The internet exploded (as it has before). This past February, the conservative website The Federalist published an article titled We Need to Come to a National Consensus on Airplane Seat Reclining.

Pardon me, The Federalist, but no we abso-fucking-lutely do not. This is an invented issue. This is not a big deal because reclining your seat on an airplane is not a big deal. There are literally — and my use of the word literally here is not hyperbolic — millions of more important things we need to come to a consensus on than airline-seat etiquette. I would list all of the millions here, but I have a word limit and a personal policy against making lists to disprove dumb statements.

I say this using my authority as a tall, overweight person. I am 6’3’’, which makes me eight inches taller than the average American male, and I weigh 220 pounds. I recognize there are other people who are taller and heavier than me, and I understand that not all larger-than-average individuals will agree with me. But suffice it to say, I’m often intensely uncomfortable on airplanes. The seats are too small for me, and I usually have to angle my legs either into the aisle — where they’re hit by the beverage cart — or into the wall — where they never quite fit — all because my legs lack the ability to pass through solid objects.

Sometimes, the person in front of me leans back and I have slightly less space. Do I rage against that person for their selfishness? No. Because I have a neat little trick I can do that provides me with more space: I can lean my chair back, too.

Are we mad at the people who put us in this sardine-can prison? Are we mad at the people who designed airline seats using the physical rules of the M.C. Escher Universe? No. We’re mad at the guy who wants a little more space.

When I fly, I tend to resign myself to discomfort for the duration. I get up and walk around so I don’t get deep vein thrombosis and die. Usually the only place to walk to is the bathroom, which I also can barely fit in. If anyone tells you they’ve joined the Mile High Club, by the way, don’t believe them unless they’re Keebler Elves. There’s no way two full-size people can fit inside those aluminum closets.

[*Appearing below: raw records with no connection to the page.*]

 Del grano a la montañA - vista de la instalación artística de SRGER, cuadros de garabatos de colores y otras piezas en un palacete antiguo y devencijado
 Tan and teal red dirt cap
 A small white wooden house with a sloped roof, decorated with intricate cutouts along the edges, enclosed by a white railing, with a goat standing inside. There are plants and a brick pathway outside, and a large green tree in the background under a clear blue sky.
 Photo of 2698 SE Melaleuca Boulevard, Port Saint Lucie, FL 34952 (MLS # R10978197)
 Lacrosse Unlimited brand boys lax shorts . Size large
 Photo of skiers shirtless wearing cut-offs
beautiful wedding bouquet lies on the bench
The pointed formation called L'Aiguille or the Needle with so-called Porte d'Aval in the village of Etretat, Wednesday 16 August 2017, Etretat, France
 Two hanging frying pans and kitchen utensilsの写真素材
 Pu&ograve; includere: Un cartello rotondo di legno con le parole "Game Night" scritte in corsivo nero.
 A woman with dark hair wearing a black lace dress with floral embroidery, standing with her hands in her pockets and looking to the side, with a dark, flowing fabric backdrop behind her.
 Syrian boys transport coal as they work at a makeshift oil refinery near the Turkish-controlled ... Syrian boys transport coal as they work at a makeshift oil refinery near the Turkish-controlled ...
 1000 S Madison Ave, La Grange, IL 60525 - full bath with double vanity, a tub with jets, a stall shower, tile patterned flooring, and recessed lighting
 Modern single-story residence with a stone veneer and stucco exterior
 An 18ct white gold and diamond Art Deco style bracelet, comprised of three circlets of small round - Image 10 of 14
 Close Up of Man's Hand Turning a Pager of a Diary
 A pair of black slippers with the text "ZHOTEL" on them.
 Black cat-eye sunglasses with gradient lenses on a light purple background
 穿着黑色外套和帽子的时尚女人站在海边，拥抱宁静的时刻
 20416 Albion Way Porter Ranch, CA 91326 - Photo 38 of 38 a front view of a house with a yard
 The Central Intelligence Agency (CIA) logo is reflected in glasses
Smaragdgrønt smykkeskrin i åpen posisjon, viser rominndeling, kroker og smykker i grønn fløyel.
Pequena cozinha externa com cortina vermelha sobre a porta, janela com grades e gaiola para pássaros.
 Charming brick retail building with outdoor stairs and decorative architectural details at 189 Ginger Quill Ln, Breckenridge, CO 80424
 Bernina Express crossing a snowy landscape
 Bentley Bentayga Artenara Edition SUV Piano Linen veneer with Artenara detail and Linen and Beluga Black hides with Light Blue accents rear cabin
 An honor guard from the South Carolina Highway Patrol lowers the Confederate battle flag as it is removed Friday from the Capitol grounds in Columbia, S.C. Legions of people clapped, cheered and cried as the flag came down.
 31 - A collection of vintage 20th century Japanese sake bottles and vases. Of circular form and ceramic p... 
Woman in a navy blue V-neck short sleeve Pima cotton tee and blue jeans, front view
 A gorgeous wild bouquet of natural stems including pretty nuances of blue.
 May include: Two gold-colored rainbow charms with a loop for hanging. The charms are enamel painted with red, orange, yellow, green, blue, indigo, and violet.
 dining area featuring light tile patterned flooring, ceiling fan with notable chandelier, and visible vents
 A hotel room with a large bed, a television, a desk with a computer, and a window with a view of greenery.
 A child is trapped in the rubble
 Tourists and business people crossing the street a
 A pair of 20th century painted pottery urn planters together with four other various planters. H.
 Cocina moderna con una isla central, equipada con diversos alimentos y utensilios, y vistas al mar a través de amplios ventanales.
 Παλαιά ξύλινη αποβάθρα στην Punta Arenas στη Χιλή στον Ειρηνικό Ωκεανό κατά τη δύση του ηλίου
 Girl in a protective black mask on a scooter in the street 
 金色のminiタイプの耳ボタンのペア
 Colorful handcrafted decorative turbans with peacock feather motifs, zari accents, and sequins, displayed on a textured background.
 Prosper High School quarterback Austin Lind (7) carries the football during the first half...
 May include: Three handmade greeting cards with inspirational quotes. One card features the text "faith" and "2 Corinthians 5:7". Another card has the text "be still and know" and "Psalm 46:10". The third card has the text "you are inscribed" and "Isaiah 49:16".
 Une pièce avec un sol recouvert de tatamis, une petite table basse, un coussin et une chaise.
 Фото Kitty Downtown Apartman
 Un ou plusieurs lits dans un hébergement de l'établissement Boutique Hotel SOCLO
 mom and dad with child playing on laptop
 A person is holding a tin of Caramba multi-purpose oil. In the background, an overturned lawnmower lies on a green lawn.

But discomfort is part and parcel of modern flying. It’s there along with taking your shoes off when going through security and getting the most intimate areas of your body looked at by a stranger using one of those newfangled peeping-Tom machines.

There are so many little indignities involved in flying these days: paying exorbitant amounts to bring any piece of luggage that can hold more than a book of matches, getting eye-fucked by lecherous security employees, being treated like a war criminal by airline employees, having to turn off your Kindle pre-flight for “security reasons,” not being able to say “The real security risk is what I’ll do if I don’t get to read Harry Potter during takeoff” without getting tasered by a burly ex-Marine Air Marshal, having to connect through the Atlanta airport, and so on.

But the indignity we’ve chosen as the last straw is when our fellow passengers try to alleviate their suffering by desperately squeaking their seat back three and a half inches. Are we mad at the people who put us in this sardine-can prison? Are we mad at the people who designed airline seats using the physical rules of the M.C. Escher Universe? No. We’re mad at the guy who wants a little more space.

Call me a conspiracy theorist, but I wouldn’t be surprised if all the CEOs of all the airlines gathered together last year around a Strangelovian war room table and, after worrying about rising customer dissatisfaction, decided to create the nefarious Knee Defender contraption that’s caused a number of these passenger-on-passenger skirmishes. “Maybe if we make them think this is each other’s fault,” they said, “they’ll stop complaining about us and fight each other!”

And, oh, how it worked. Instead of opting for more comfortable (not to mention more environmentally friendly) modes of transportation, we went to war with each other. They’ve successfully wagged the dog.